Recordings from My Closet

Podcasts have become increasingly popular in academia, probably due to the increasing availability of technology across many Universities in the U.S. as well as abroad. For example, I’ve recently been listing to Invisibilia on NPR as well as a variety of podcasts produced by the Religious Studies Project. In my own graduate cohort we are currently in the process of creating our own episode of the department’s podcast Studying Religion. Under the guidance of Dr. Mike Altman, in one of our two foundations courses this Fall, we have begun learning the standard methods for creating a podcast, also benefiting from the advice of a digital expert at the University of Alabama.

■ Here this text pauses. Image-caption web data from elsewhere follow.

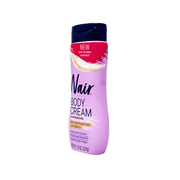 2 Pack - Nair Body Cream Hair Remover, Cocoa Butter and Vitamin E, Body Hair Removal Cream for Women, 7.9 oz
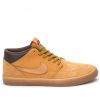 Кеды Nike SB Portmore II Solarsoft Mid Bota AJ6978-779 (bronze-gum light brown)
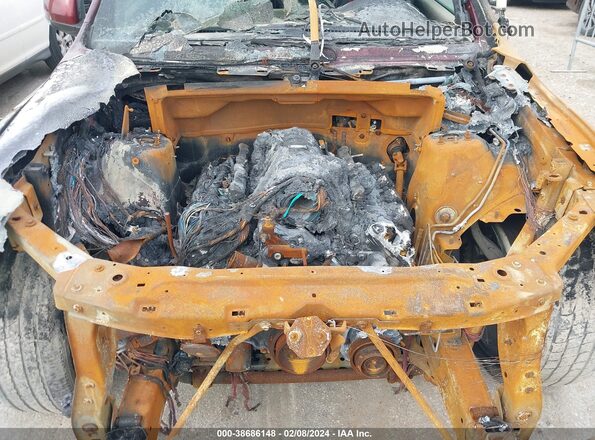 1C4SDHCT8MC659739 2021 DODGE DURANGO Красный Вид сзади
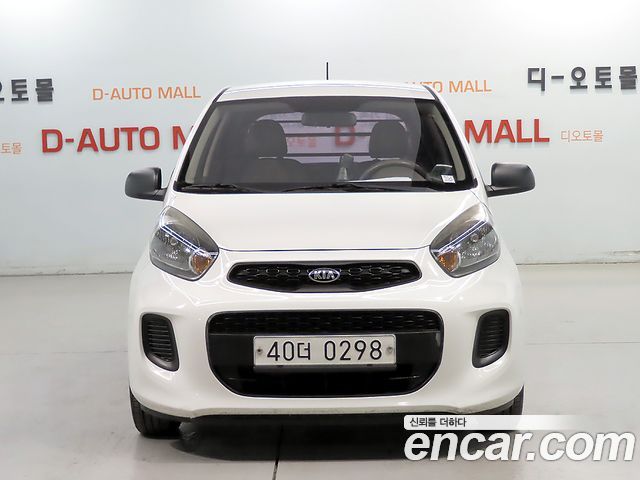 Kia morning из Кореи Encar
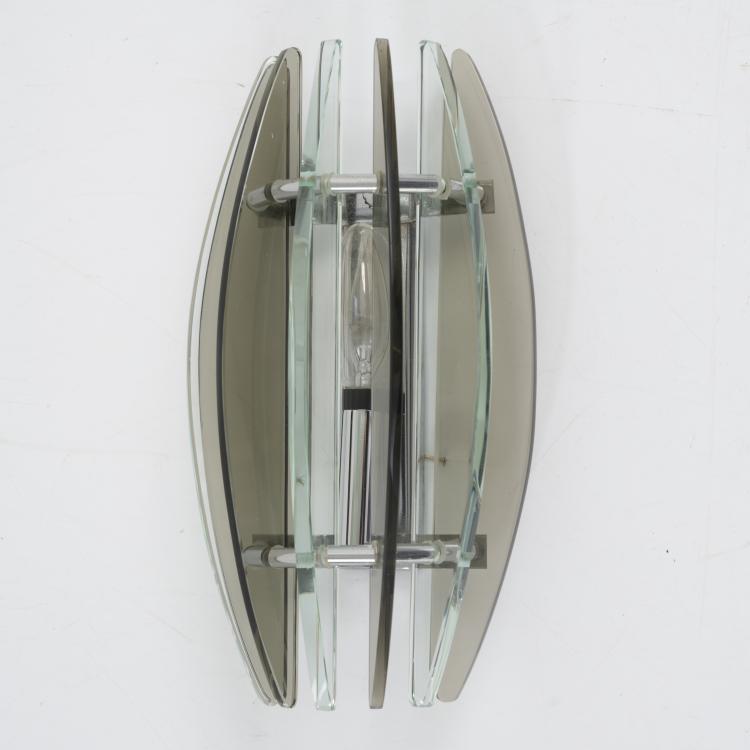 Bild 2 zu Objekt, 2 wall lights, ceiling light and bathroom mirror, 1960s, Fontana Arte, Mailand (zugeschrieben), 161A 123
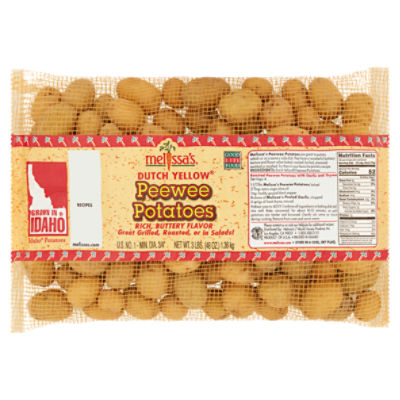 Melissa's Dutch Yellow Peewee Potatoes, 3 lbs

Being the only one in our group to have produced podcasts in the past, I had a few pro tips for the others, such as how to save time (and, if you’re not affiliated with a university and lack resources, how to save money too!) in the production of a podcast. Most notably, I mentioned to my colleagues that a closet full of clothes, with the door closed, could function perfectly well as a recording studio, to which the expert at UA replied that while a closet could certainly fulfill that function the recording studio is ideal.

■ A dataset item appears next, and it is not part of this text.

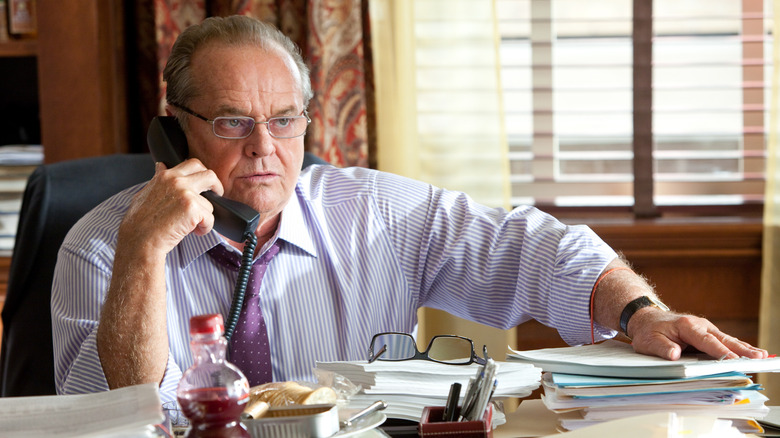 The Real Reason Jack Nicholson Disappeared From Hollywood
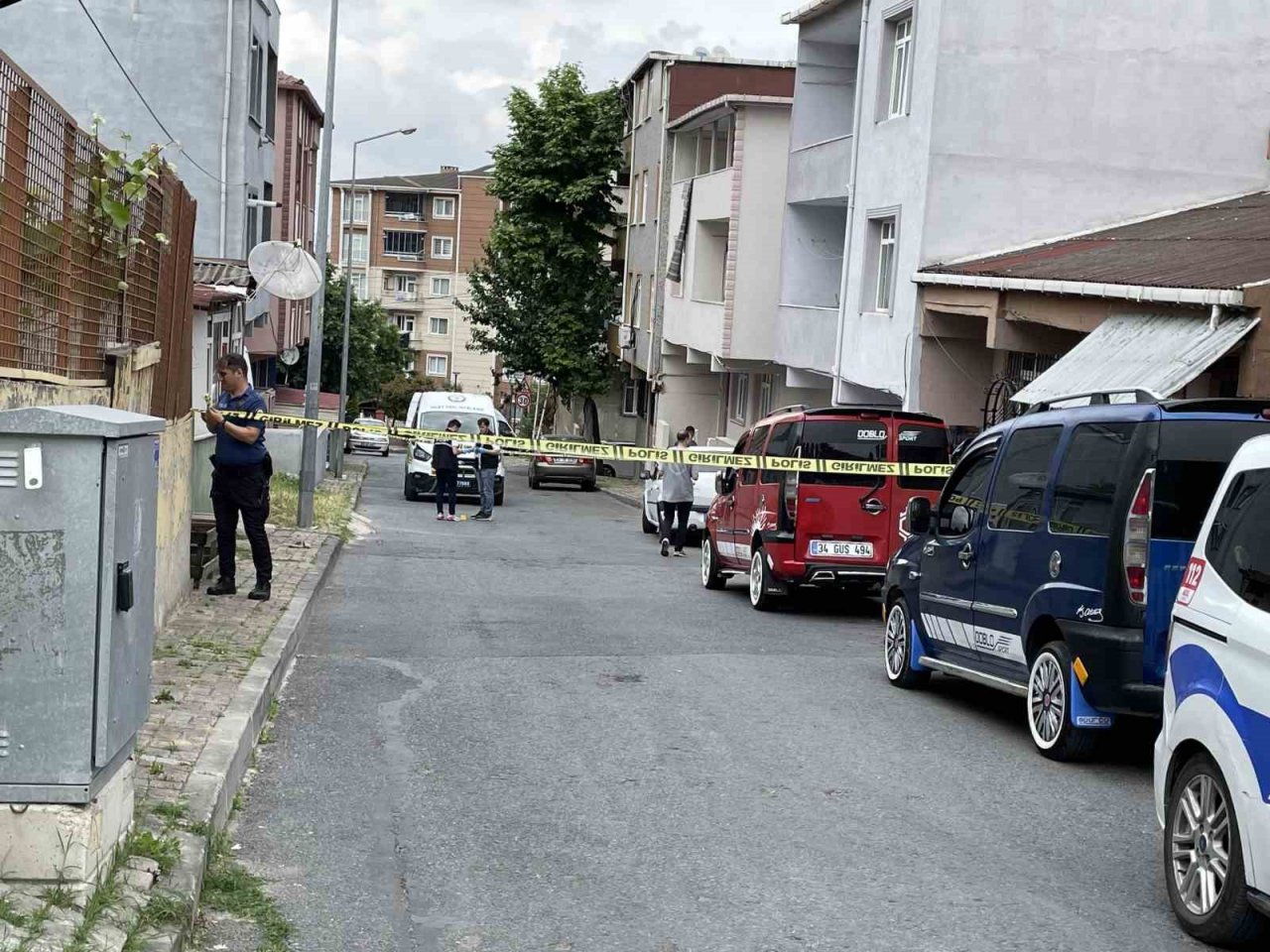 Küçükçekmece’de tartıştığı abisi ve yengesini kurşun yağmuruna tutup kaçtı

Naturally, the social theorist in me began to wonder what interests go into identifying something as a ‘recording studio’. Could it be the structure of the room itself? I think not, for both my closet and the ‘studio’ are ostensibly identical in structure in that they are rooms with four walls, no windows and a single door. So, could it be the content perhaps? Maybe, although beyond whatever high tech recording equipment it might have, the studio has noise-suppressing padding that is pretty much identical to my clothes, in that they are just objects that to fulfill the same purpose (i.e., suppressing sound). So instead of seeing them as all that different, I would like to suggest that the recording studio is only a recording studio, and my closet is only my closet, because we arbitrarily label them as such.